I guess I need more karma to post in r/hacking, so I hope this post reaches the right crowd in here.

So, I've been approached many times by family or friends over the years asking me to help them recover their hacked social media accounts, mostly Instagram it seems. I only attempted this once for my brother who was being blackmailed, and it was an insanely time intensive process.

I had to use social engineering to make it seem like I was a dumb friend of his just shooting the shit, build a rapport and get myself to appear as an easy target; ultimately leading to a potential to phish them. That was a quick summary of everything but it was a lot of work over a stupid social media account. After that I just tell people no, it's not worth the time and energy.

My Question: Is social engineering + phishing really the only realistic attack vector against someone who's already compromised an account? In my mind I can only think of a few other methods:

1. Session Hijacking / Cookie theft - but would require them clicking something or establishing a connection somehow, and hopefully they would know better being as they use this tactic themselves.

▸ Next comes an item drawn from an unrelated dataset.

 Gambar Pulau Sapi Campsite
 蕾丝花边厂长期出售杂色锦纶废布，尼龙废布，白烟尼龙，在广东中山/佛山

2. Brute Force - but they more than likely changed the password when initially compromising the account so a password from a dump wouldn't work, and I doubt they would use one in the rockyou list or something.

So for the average person whose social media gets hacked, recovering their account is pretty much a lost cause unless they find someone who's willing to invest that kind of time to recover it for them right? Are there better tactics people use for this purpose that I'm not thinking of?